* _Task description_
Your output should consist of the lines from the first line of the records below through the one with "コスモ春日部豊町 1LDKの間取図画像", exactly, minus the pictures.

[Start of section]

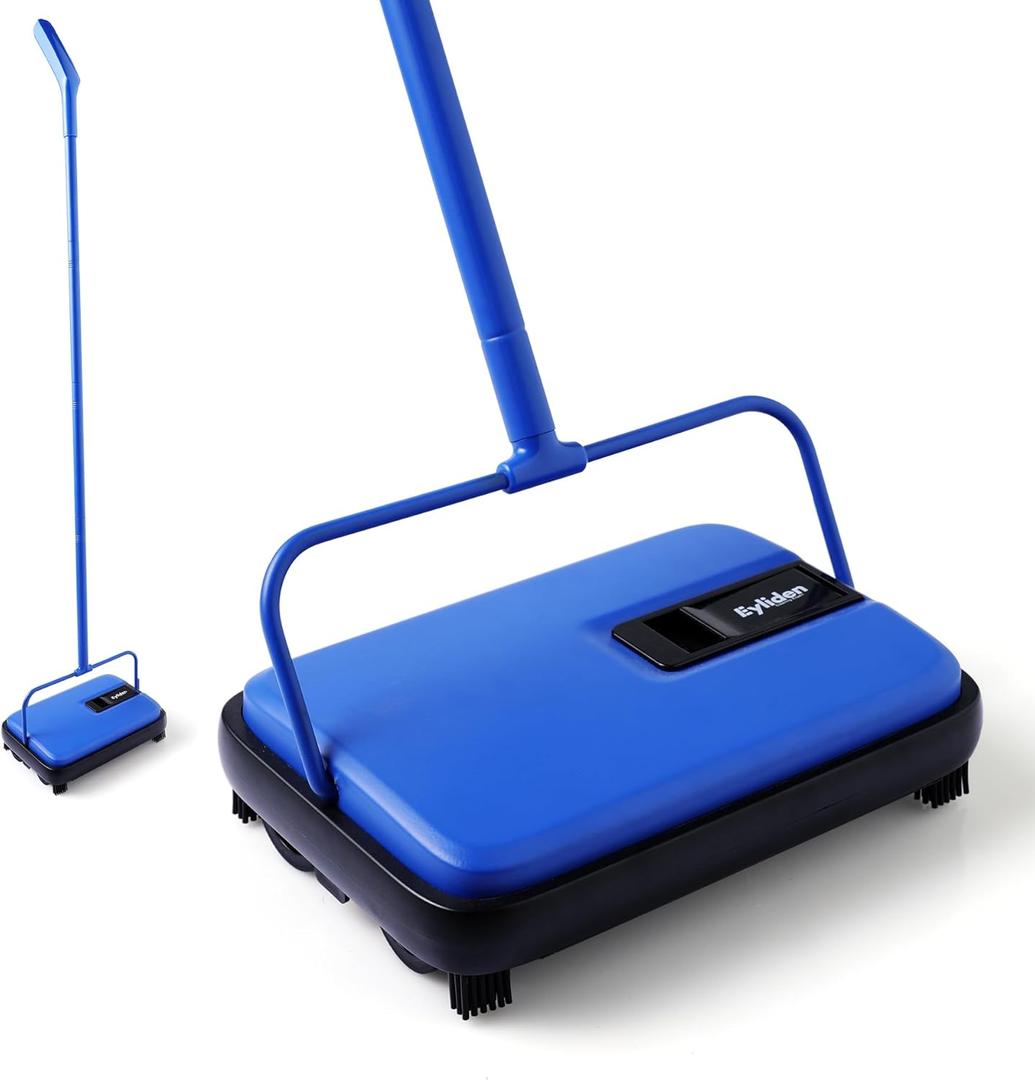 Eyliden Carpet Sweeper, Mini Size Lightweight Hand Push - No Noise, Non-Electric, Easy Manual Sweeping Only for Carpet Cleaning (Blue)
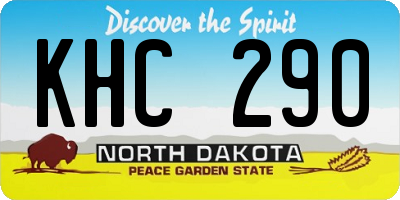 ND license plate KHC290
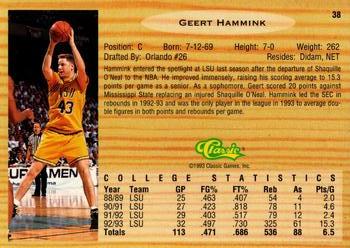 1993 Classic Draft Picks - Gold #38 Geert Hammink Back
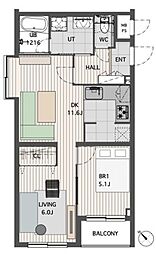 コスモ春日部豊町 1LDKの間取図画像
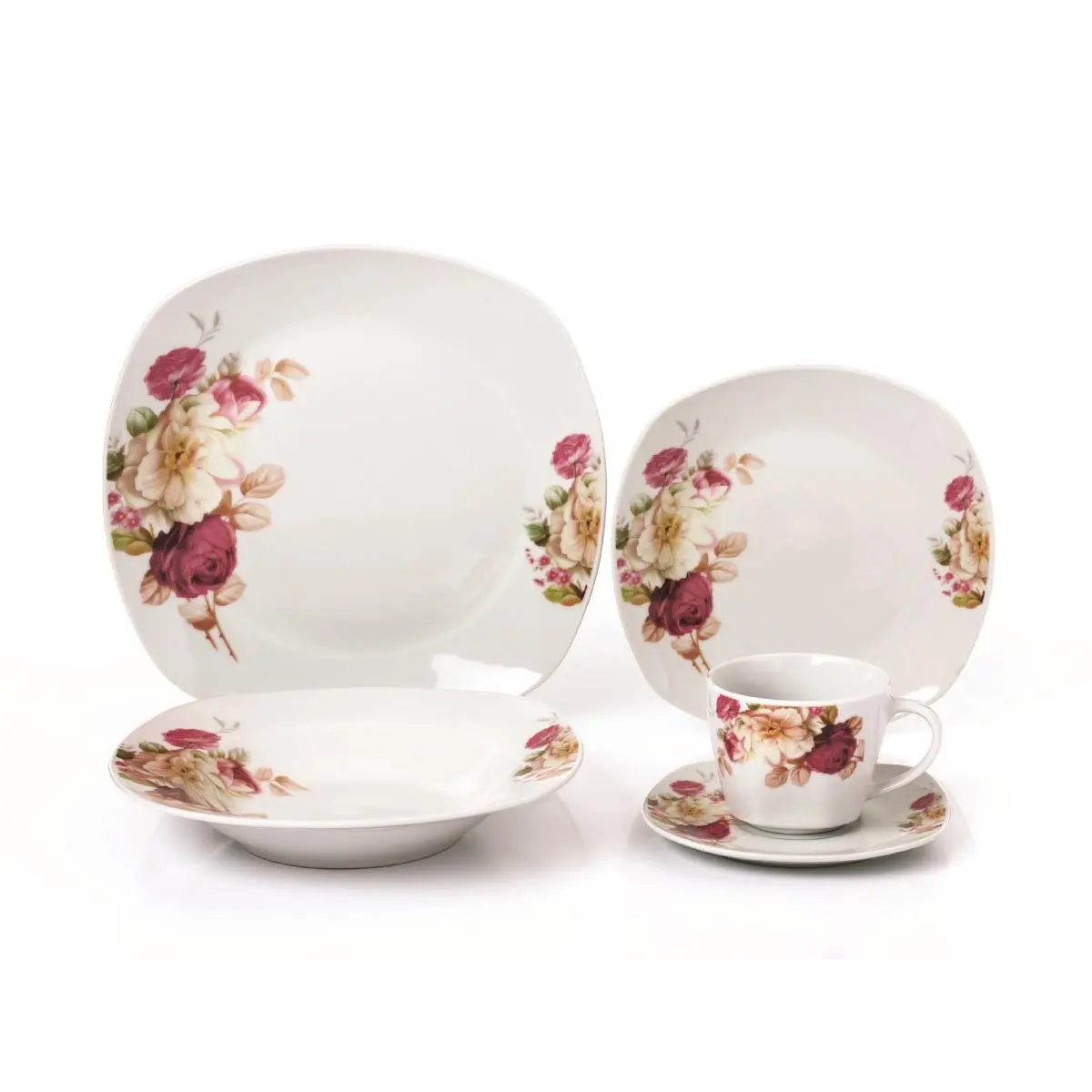 212 MAIN 20-Piece Stylish Porcelain Square Dinnerware Service Set - For 4, Includes Plates, Bowls, Coffee Cups, Saucer Set, Dishwasher-Safe Kitchen Tableware Kit, Porcelain Dinnerware Sets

[End of section]

* _Response for this exercise_
 Eyliden Carpet Sweeper, Mini Size Lightweight Hand Push - No Noise, Non-Electric, Easy Manual Sweeping Only for Carpet Cleaning (Blue)
 ND license plate KHC290
 1993 Classic Draft Picks - Gold #38 Geert Hammink Back
 コスモ春日部豊町 1LDKの間取図画像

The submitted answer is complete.